Geopolitical overlay
Geopolitically, the 15FYP and the Global AI Governance Action Plan position China as a provider of “intelligent infrastructure” and AI governance templates to the Global South, framed in terms of sovereignty, development and digital‑divide reduction. For many emerging economies, Chinese packages that combine hardware, software, AI capabilities, training and finance can appear more immediately actionable than slower, more fragmented Western offerings, especially in power, transport and digital public infrastructure.
The decisive question for foreign capital is where swing markets – in South‑East Asia, the Gulf, Africa and Latin America – align their standards and AI regulatory reference points. Choices made over the next decade will set default technical norms, influence how courts and regulators treat disputes, and shape recovery prospects for cross‑border projects that straddle competing standards blocs.
Conclusion
By 2030, the binding constraint for many foreign‑invested assets exposed to China is unlikely to be tariffs or headline market access, but compatibility with one of several politicised AI‑centred standards ecosystems.
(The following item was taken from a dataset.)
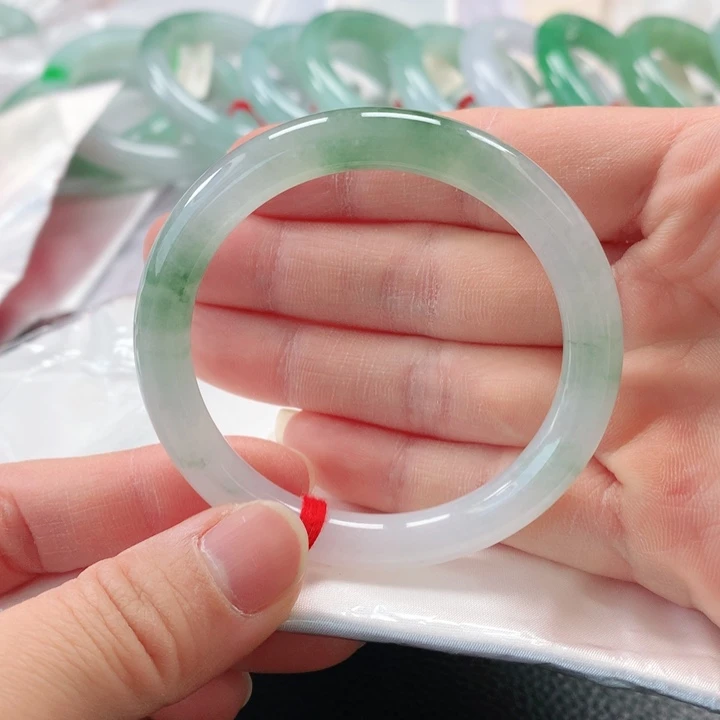 翡翠手镯未镶嵌缅甸A货翡翠手镯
The 15FYP’s combination of “new quality productive forces”, AI+ integration and outward‑facing AI governance means that AI and standards, rather than capacity and trade alone, will increasingly determine which cash flows are realisable, how volatile they are and what cost of capital they bear.
Structurally, this points to higher compliance and capex burdens, wider dispersion of cost of capital between mono‑ and multi‑standards firms, and a rising premium on legal and regulatory due diligence in underwriting. Cyclically, repricing shocks are likely to cluster around policy milestones – export‑control decisions, standards releases, AI‑governance updates and trade‑defence rulings – rather than purely around demand surprises or macro cycles.
This article is for information and discussion only and does not constitute investment advice or a recommendation.